/---

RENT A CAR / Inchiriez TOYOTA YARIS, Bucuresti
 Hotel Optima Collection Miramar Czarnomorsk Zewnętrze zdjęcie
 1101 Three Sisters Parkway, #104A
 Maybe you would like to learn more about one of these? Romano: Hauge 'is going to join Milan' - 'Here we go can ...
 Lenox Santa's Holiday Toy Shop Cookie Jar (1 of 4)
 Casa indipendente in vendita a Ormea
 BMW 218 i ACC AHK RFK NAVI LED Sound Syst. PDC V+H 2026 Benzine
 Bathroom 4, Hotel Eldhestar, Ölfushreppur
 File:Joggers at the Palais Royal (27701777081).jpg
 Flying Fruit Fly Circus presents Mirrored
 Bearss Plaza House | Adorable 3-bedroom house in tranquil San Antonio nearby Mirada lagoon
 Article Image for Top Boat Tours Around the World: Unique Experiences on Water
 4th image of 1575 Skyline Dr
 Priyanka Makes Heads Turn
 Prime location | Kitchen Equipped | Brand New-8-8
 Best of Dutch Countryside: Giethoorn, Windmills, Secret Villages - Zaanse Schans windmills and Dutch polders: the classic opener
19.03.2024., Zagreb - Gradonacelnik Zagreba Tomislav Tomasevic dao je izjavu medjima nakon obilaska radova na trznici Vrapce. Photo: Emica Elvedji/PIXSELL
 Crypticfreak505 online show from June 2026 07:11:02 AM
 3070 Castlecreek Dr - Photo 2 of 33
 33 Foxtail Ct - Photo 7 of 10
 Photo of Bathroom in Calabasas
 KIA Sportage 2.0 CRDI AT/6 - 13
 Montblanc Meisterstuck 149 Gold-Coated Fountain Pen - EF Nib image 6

\---

Each line from the top of the material above, through the one that contains "Bearss Plaza House", should be restated word for word.

▶ **RESULT FOR THIS TASK**:
RENT A CAR / Inchiriez TOYOTA YARIS, Bucuresti
 Hotel Optima Collection Miramar Czarnomorsk Zewnętrze zdjęcie
 1101 Three Sisters Parkway, #104A
 Maybe you would like to learn more about one of these? Romano: Hauge 'is going to join Milan' - 'Here we go can ...
 Lenox Santa's Holiday Toy Shop Cookie Jar (1 of 4)
 Casa indipendente in vendita a Ormea
 BMW 218 i ACC AHK RFK NAVI LED Sound Syst. PDC V+H 2026 Benzine
 Bathroom 4, Hotel Eldhestar, Ölfushreppur
 File:Joggers at the Palais Royal (27701777081).jpg
 Flying Fruit Fly Circus presents Mirrored
 Bearss Plaza House | Adorable 3-bedroom house in tranquil San Antonio nearby Mirada lagoon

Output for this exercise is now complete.